Une telle perfection appelait celle des chanteurs, mais la Floria Tosca de Vanessa Le Charlès privilégie le jeu dramatique dans toute son exacerbation à la palette de nuances vocales que l’on attend de la diva. Un volume sonore souvent excessif gomme les subtilités de la partition, l’aigu confine au cri. On le regrette d’autant plus que le jeu scénique révèle une profonde intelligence du rôle, jusqu’à la fin du spectacle où la cantatrice qu’est Tosca franchit la limite du rideau avant de quitter la scène pour toujours.
À ses côtés, le jeune ténor Thomas Bettinger révèle en Mario Cavaradossi un timbre séduisant et chaleureux, assorti d’une belle diction qu’une projection plus affirmée dans l’acte I mettrait davantage en valeur.
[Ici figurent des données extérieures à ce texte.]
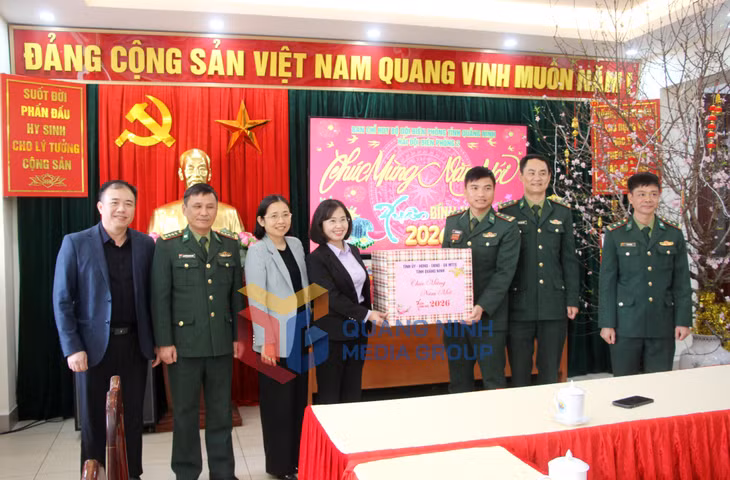 Đồng chí Trịnh Thị Minh Thanh, Phó Bí thư Thường trực Tỉnh ủy, Chủ tịch HĐND tỉnh, thăm, chúc Tết cán bộ, chiến sĩ Hải đội Biên phòng 2 (2-2026). Ảnh: Mạnh Trường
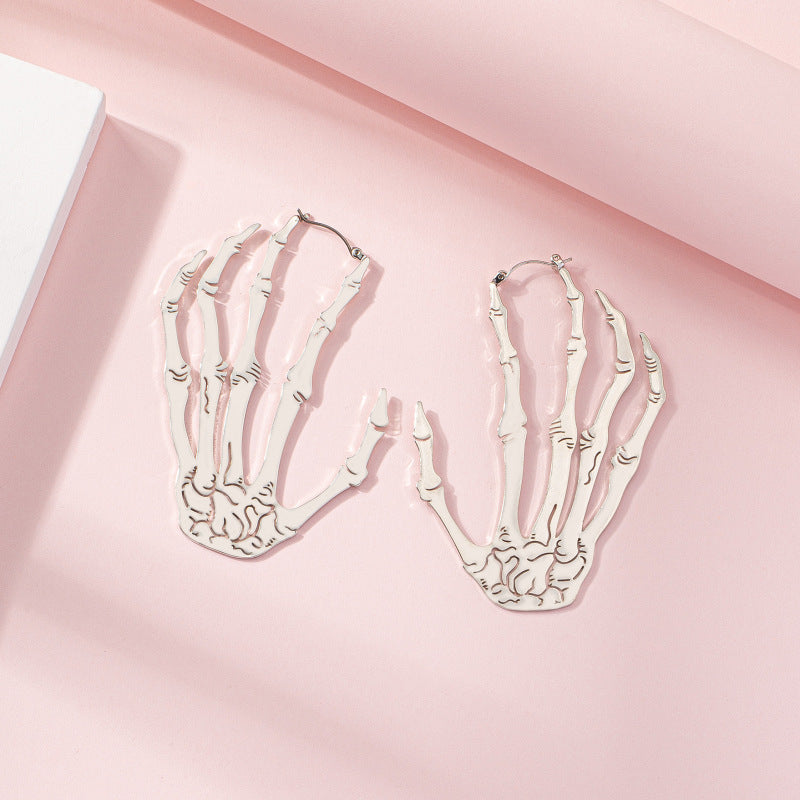 Halloween Exaggerated Woman Retro Creative Skull Claw Alloy Earrings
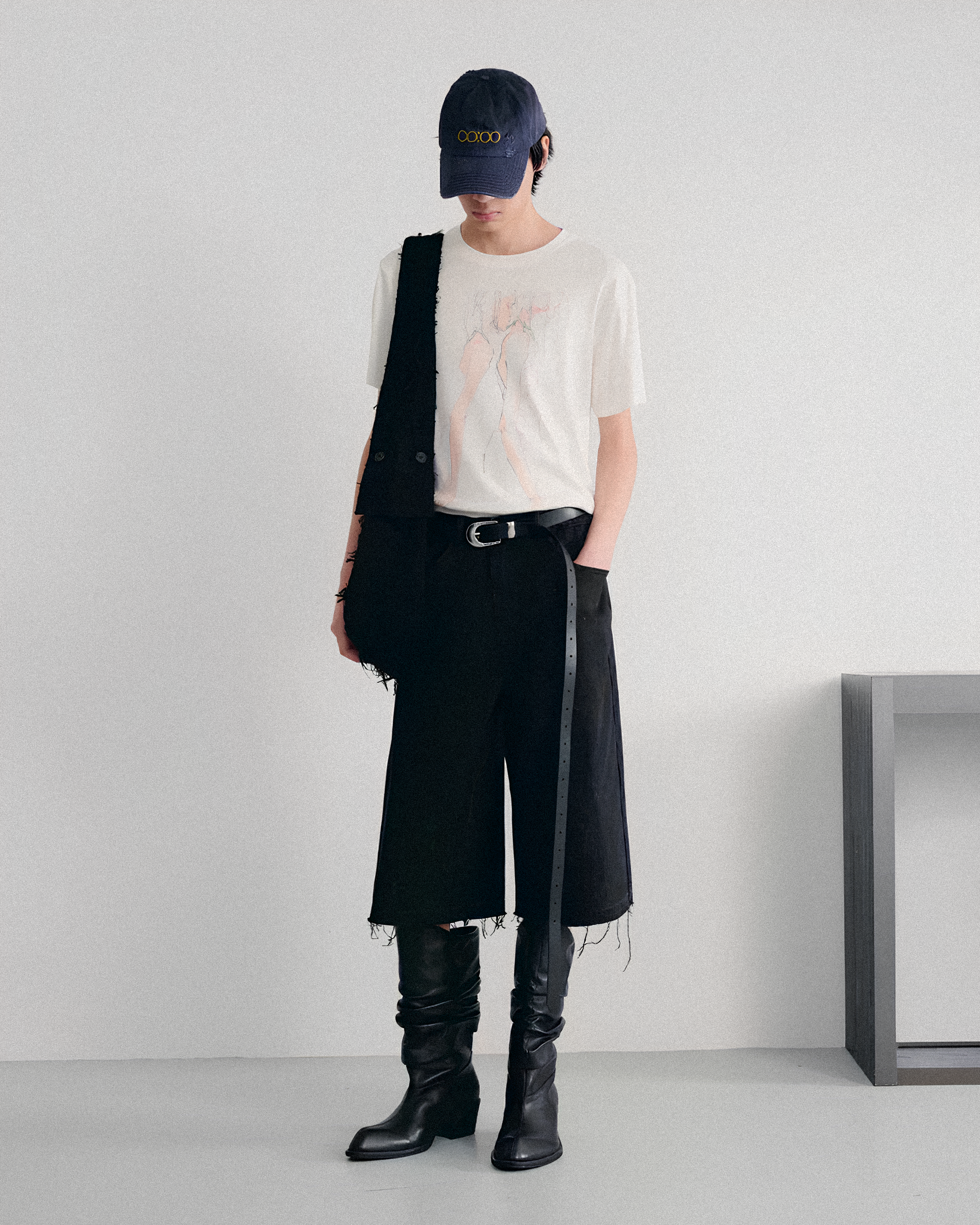 Distressed Draped Shoulder Bag koku0166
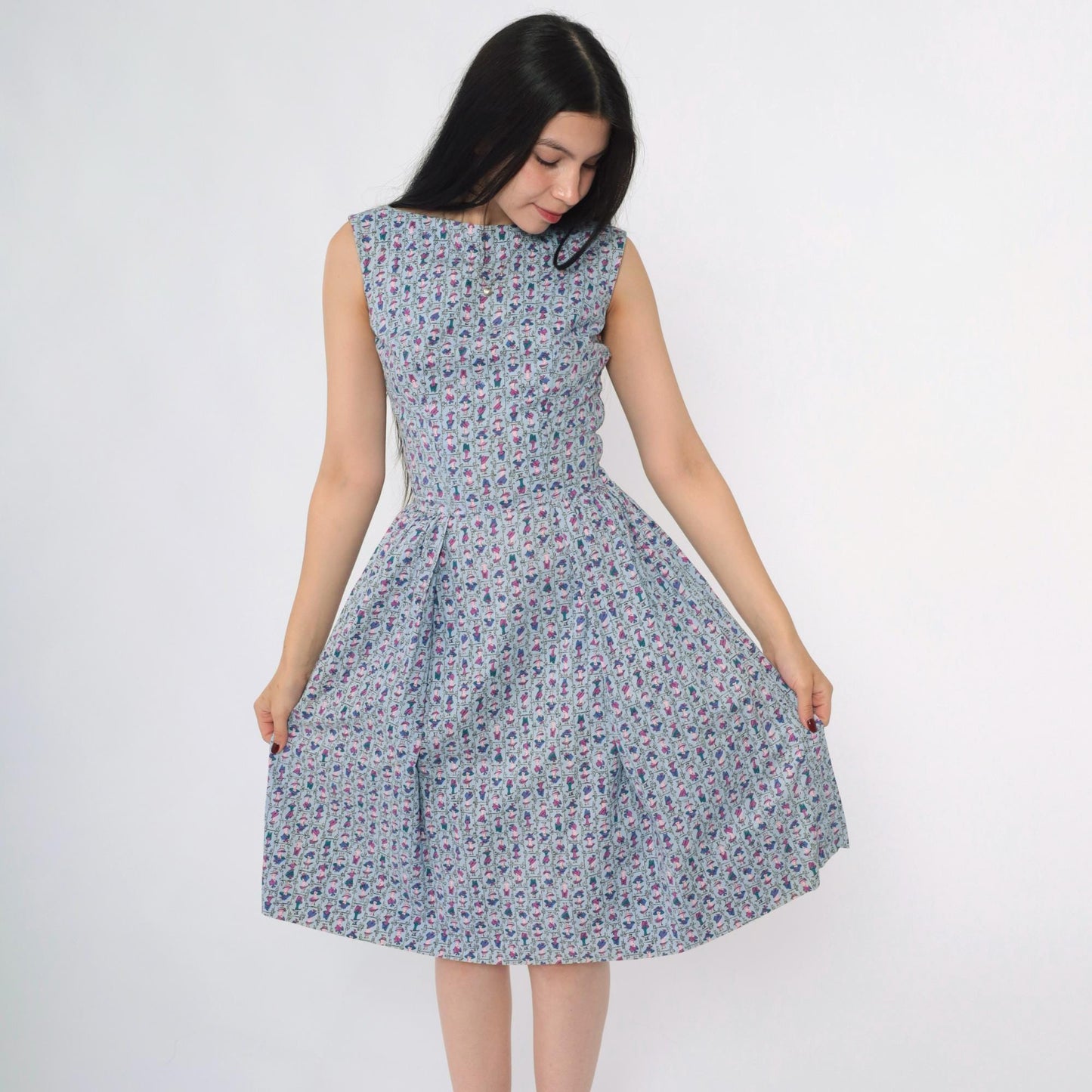 1950s Blue Cotton Novelty Print Dress Mannequin Heads Boatneck Sleeveless Extra Small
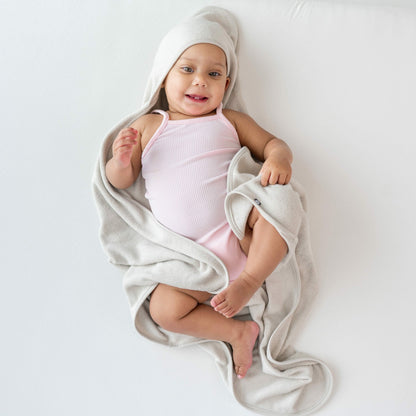 Hooded Infant Bath Towel in Oat | Kyte Baby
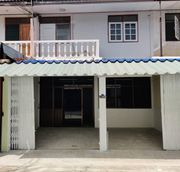 ทาวน์เฮ้าส์ให้เช่าเลี้ยงสัตว์ได้ ซอย ประเสริฐมนูญกิจ 30 2 ห้องนอน 9500 บาท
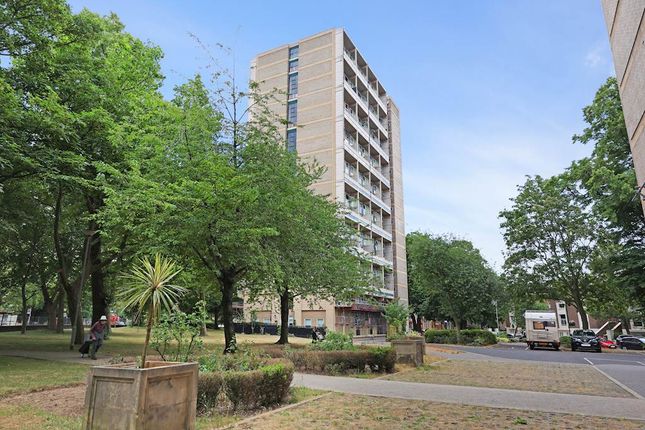 2-bed maisonette on Edinburgh House, Maida Vale, London, £365,000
Plus sonore dans les actes suivants, il donne chair à son personnage, avec un « E lucevan le stelle » sensible, émouvant et techniquement très maîtrisé.
C’est un habitué du rôle qui incarne, avec brio – en dépit de la noirceur du personnage –, le sinistre baron Scarpia : Peter Sidhom, qui l’a chanté plus de 160 fois, comme nous l’indique la brochure, donne au personnage une autorité naturelle qui repose autant sur son jeu d’acteur parfaitement maîtrisé que sur sa plasticité vocale, passant presque sans transition de l’impétuosité du commandement à la douceur de la séduction. Le duo du deuxième acte révèle le talent polymorphe du baryton qui rend compte de la perversité du personnage et des figures du pouvoir.
Le Chœur lyrique Saint-Étienne Loire confirme sa grande qualité et les rôles secondaires sont de bonne facture, avec une mention spéciale à Christian Tréguier, en sacristain, et à la toute jeune interprète du berger au début de l’acte III.
De cette représentation stéphanoise de Tosca, on retiendra en premier lieu une direction musicale qui donne le sentiment d’entendre pour la première fois bien des passages de l’œuvre. Le travail qui aboutit à ce résultat est remarquable, et c’est une image forte que ces roses lancées à la fin par les musiciens de l’orchestre, depuis la fosse sur la scène où se tient David Reiland les invitant à se lever pour saluer.